Türkiye, Libya Konferansı'ndan çekildi. Açıklama, Cumhurbaşkanı Yardımcısı Fuat Oktay'dan geldi. Oktay, Türkiye'nin İtalya'da düzenlenen Libya Konferansı'ndan, gayriresmi bir toplantı olması ve Türkiye'nin sürecin dışında tutulmak istenmesi sebebiyle çekildiğini söyledi. Fuat Oktay, "Uluslararası toplum maalesef bu sabah tek vücut olamamıştır. Son dakikadaki emri vakisiyle bazıları İtalyan evsahipliğini suiistimal ederek sürece tek taraflı müdahalede bulunmuştur. Kimi ülkelerin süreci kendi çıkarları doğrultusunda sakatlamaya çalışmaları devam ettiği müddetçe Libya'da istikrar sağlanamaz. Libya'nın daha fazla değil daha az dış müdahaleye ihtiyacı vardır. Diğerlerinin aksine biz, Libyalı ve bölgesel tüm aktörlerle geniş diyaloğa açığız. Libya'daki mevcut zorlu durumda sorumluluğu bulunanların ülkenin düzelmesine herhangi bir olumlu katkı yapmaları mümkün değildir. Türkiye'nin yer almadığı bu tür toplantıların sürece katkı sağlaması mümkün değildir. Bu sabah bazı taraflar arasında düzenlenen gayrıresmi toplantı ve bunların Akdeniz bölgesindeki başlıca aktörler olarak sunulması bizim şiddetle karşı çıktığımız çok yanıltıcı ve zarar verici bir yaklaşımdır. Türkiye bu toplantıyı büyük hayal kırıklığıyla terk etmektedir." dedi.
Libya'daki 17 Şubat 2011 devriminin ardından, Ankara yönetimi, Ulusal Geçiş Konseyi'ni "Libya halkının tek temsilcisi" olarak tanımıştı. Trablus'un Ulusal Geçiş Konseyi'nin tam kontrolü altında girmesini takiben de 2 Eylül 2011'de Trablus'a Büyükelçi atayan ilk ülke Türkiye olmuştu.
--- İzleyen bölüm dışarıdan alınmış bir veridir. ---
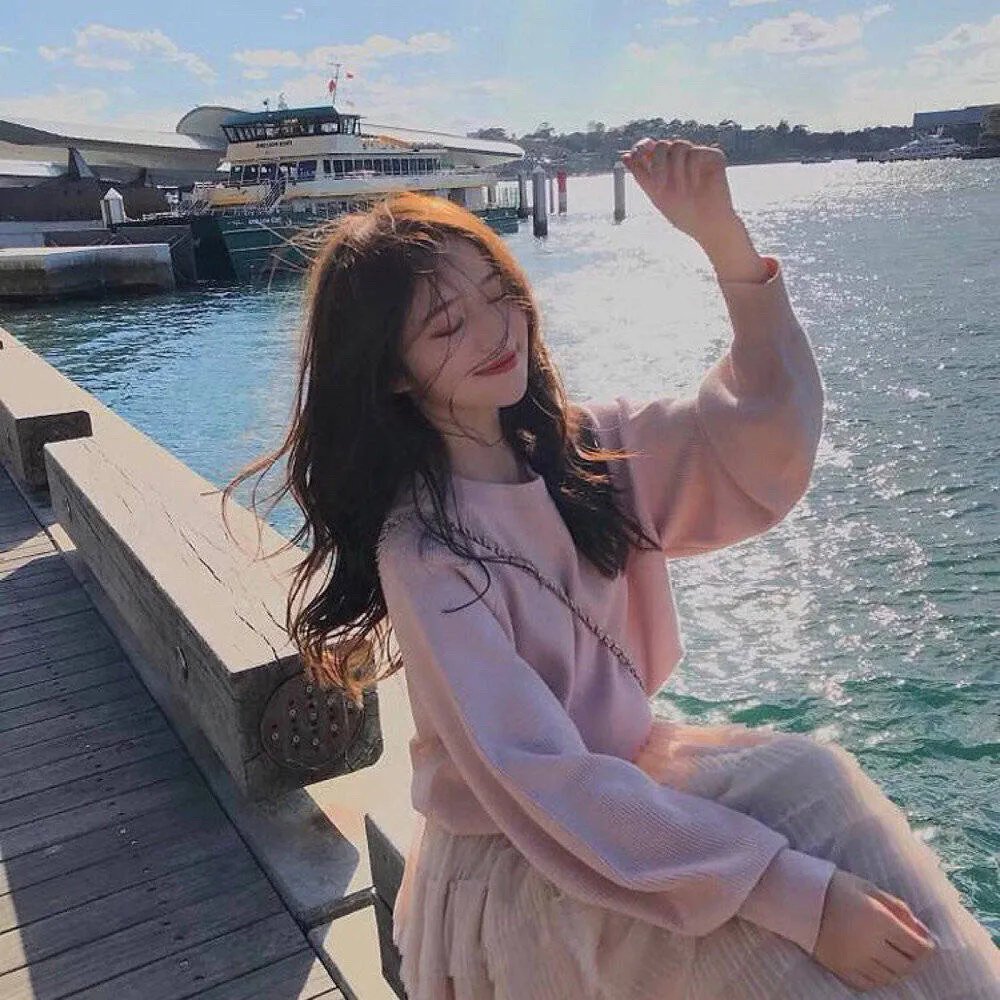 全世界最好的你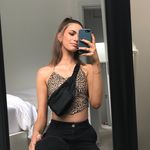 Molly Dwyer - @molly.dwyer - Instagram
Türkiye, BM'nin kolaylaştırıcılığında Libya'da yürütülen siyasi diyalog sürecini aktif biçimde destekliyor.
KRİZİN ARKA PLANI
Afrika'nın en büyük petrol rezervlerine sahip ülkesi Libya'da 42 yıllık Muammer Kaddafi dönemi, 17 Şubat 2011'de başlayan ayaklanmaların ardından NATO müdahalesiyle sona erdi. Ancak rakip siyasi otoritelerin neden olduğu istikrarsızlık, geçiş dönemindeki başarısızlıklar ve silahlı grupların yol açtığı şiddet nedeniyle ülke 7 yıldır düzene kavuşamadı.
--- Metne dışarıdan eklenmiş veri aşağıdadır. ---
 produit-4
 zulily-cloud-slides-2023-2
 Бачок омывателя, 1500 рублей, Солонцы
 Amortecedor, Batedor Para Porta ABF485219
Libya'da 2014 yılında gerçekleşen tartışmalı seçimlerin ardından başkent Trablus ile doğuda Tobruk kentinde rakip siyasi otoriteler ortaya çıktı.
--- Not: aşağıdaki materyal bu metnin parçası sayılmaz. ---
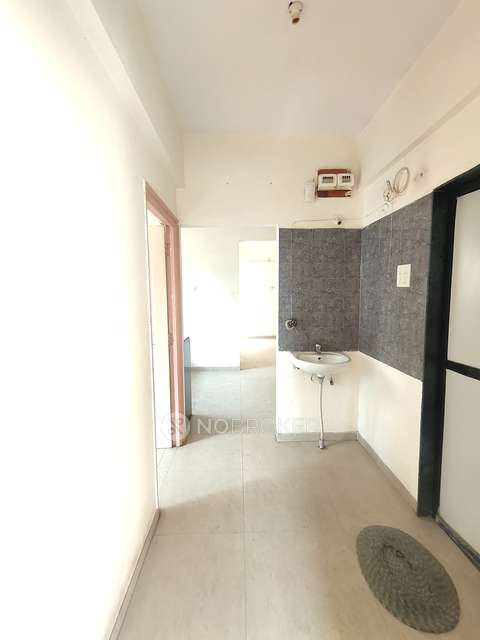 2 BHK Flat In Sagar Vihar for Rent  In Ravet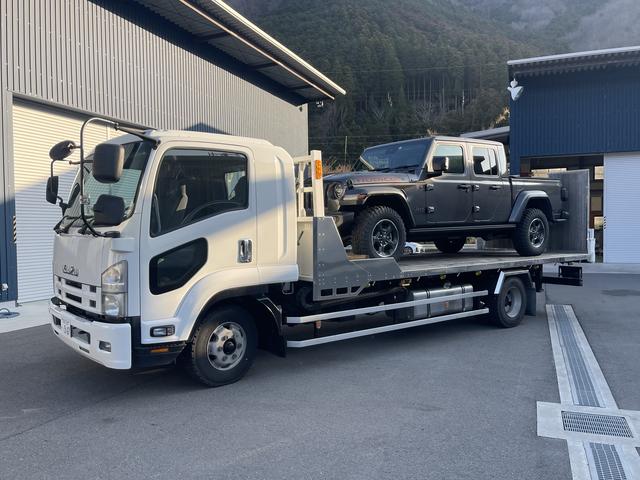 株式会社テクノマック サービス紹介の6つ目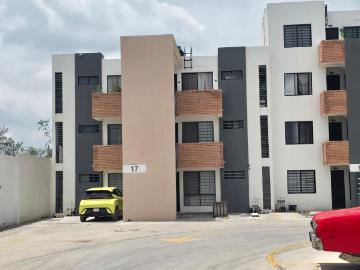 Departamento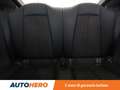Audi TT RS 2.5 TFSI S tronic quattro Grigio - thumbnail 16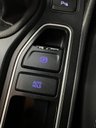 USED 2019 19 HYUNDAI TUCSON 1.6 T-GDi Premium SUV 5dr Petrol Manual Euro 6 (s/s) (177 ps) 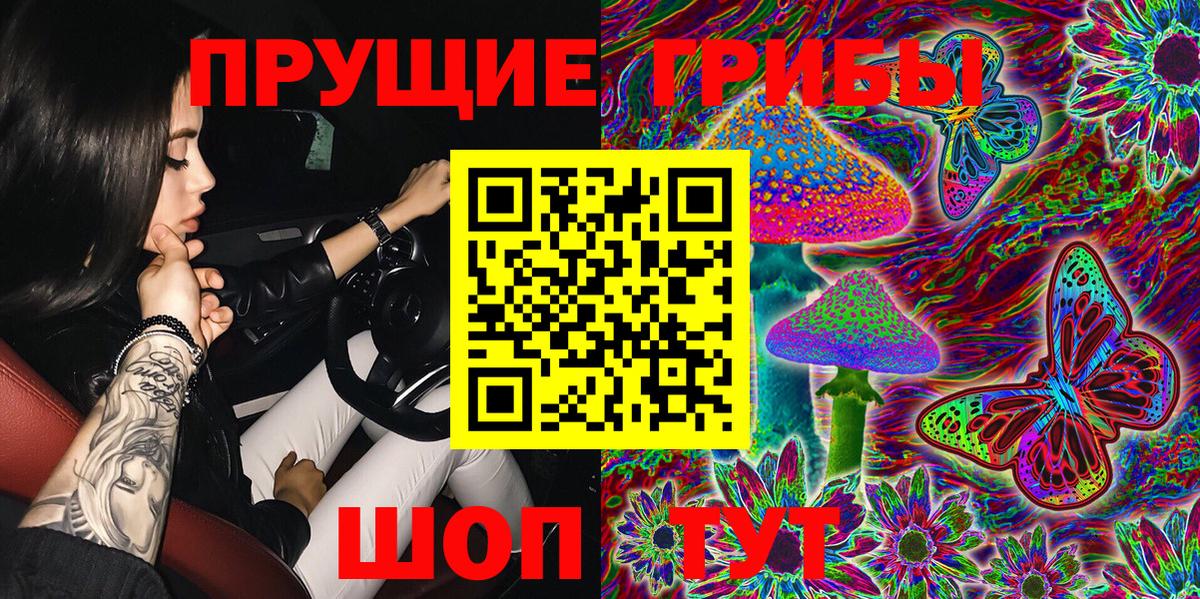 Псилоцибиновые грибы мухоморы Курчалой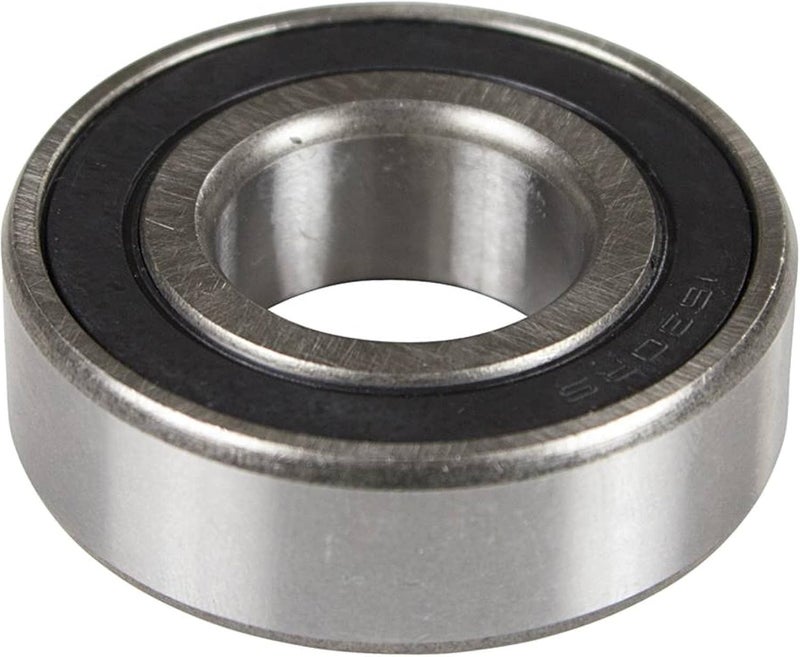 Spindle Bearing 230-045 for Toro 101480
Trablus-Tobruk ayrımı ülkenin kurumları arasında çekişmeye yol açıyor. İki ayrı merkezin meşruiyet için yarıştığı, rakip ulusal petrol şirketleri, rakip merkez bankaları gibi kurumlar, güvenlik yönünden sıkıntıdaki ülkenin istikrarını daha da zora sokuyor.